La posture de l’enseignant pour Paolo Freire exige :
-une posture de chercheur
-le respect des savoirs existants chez le sujet apprenant
-l’esprit critique
-l’incarnation des paroles par l’exemple
-que l’identité culturelle soit reconnue et assumée
En effet, pour P. Freire, le verbe « apprendre » précède le verbe « enseigner » : "apprendre a toujours précédé enseigner. » Le verbe enseigner est un verbe transitive-relatif, c’est-à-dire qui demande un objet direct (quelque chose) et un objet indirect (à quelqu’un). On ne peut donc pas penser la relation d’enseignant sans l’intégration des acquis de l’apprenant.
« Une des tâches les plus importantes de la pratique éducative critique est de rendre propices les conditions pour que les apprenants tentent l’expérience de s’assumer dans leurs relations les uns aux autres, mais aussi avec leurs professeurs. S’assumer comme être social et historique, comme être pensant, communicant, transformateur, créateur, réalisateur de rêves, capable de se mettre en colère parce que capable d’aimer. »
Pour P. Freire, enseigner n’est pas transférer la connaissance, mais « créer les possibilités pour sa propre production ou construction ». En effet, le destin de tout homme n’est pas déterminé mais simplement conditionné. C’est le rôle du savoir et de la connaissance de déterminer un destin, en fonction de la manière dont l’homme s’en saisira. « J’aime être humain car, inachevé, je sais que je suis un être conditionné, mais conscient de l’inachèvement, je sais que je peux aller plus loin. (...) Les femmes et les hommes se savent éducables dans la mesure où ils sont reconnus inachevés. »

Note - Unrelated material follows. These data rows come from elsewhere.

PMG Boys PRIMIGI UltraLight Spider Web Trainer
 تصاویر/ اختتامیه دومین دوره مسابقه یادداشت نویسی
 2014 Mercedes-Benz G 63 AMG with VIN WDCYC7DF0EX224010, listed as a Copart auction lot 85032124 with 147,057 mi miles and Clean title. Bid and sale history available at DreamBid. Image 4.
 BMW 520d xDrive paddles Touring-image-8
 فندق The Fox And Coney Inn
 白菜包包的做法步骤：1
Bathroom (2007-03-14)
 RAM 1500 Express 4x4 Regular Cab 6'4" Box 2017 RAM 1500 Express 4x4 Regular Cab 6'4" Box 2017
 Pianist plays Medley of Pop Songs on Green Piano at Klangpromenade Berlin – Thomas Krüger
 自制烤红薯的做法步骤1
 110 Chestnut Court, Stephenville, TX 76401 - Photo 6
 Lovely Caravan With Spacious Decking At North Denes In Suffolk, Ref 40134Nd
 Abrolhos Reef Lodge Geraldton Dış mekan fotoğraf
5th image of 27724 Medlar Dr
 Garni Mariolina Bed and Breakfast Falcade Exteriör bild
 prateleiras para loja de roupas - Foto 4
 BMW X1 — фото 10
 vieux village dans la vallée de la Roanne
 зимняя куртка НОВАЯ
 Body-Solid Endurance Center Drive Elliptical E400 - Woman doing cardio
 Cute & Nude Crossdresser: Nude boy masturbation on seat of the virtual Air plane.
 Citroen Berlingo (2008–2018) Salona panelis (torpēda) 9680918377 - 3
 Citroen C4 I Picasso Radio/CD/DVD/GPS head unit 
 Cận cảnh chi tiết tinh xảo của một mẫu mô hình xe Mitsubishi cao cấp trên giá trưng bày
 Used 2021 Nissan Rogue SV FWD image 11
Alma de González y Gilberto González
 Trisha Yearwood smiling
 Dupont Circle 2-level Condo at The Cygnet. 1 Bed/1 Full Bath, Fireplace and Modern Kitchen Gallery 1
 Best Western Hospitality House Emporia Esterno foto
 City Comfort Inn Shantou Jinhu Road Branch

Un outil pédagogique pour favoriser la curiosité :
« Une bonne tâche pour chaque fin de semaine serait de proposer à un groupe d’élèves d’enregistrer, chacun pour soi, les curiosités les plus marquantes, en notant pourquoi elles furent considérées comme telles, en raison de quoi, dans quelle situation elles émergèrent : d’un journal télévisé, d’une publicité, d’un jeu vidéo, du geste de quelqu’un, peu importe. Quel rôle donna-t-il à la curiosité ? (…) L’exercice de la curiosité convoque l’imagination, l’intuition, les émotions, la capacité de conjecturer, de comparer, dans la recherche de la caractérisation de l’objet ou d’un résultat de sa raison d’être. » P.101
Enseigner exige de comprendre que l’éducation est une forme d’intervention dans et sur le monde
« Je trouve profondément immoral que les intérêts du marché surpassent radicalement ceux des êtres humains. » Pour Freire, l’éducation ne se résume pas une reproduction de l’histoire ou à une dénonciation du présent. Mais un travail plus fin où « le professeur démocrate, cohérent, compétent, qui témoigne de son goût pour la vie, de son espoir en un monde meilleur, et qui atteste de sa capacité de lutter, de son respect des différences, connaît chaque jour un peu mieux la valeur de sa manière de vivre sa présence dans le monde pour modifier la réalité. Il sait combien son expérience au sein de l’école n’est certes qu’un moment, mais un moment important qui nécessite d’être vécu avec authenticité.".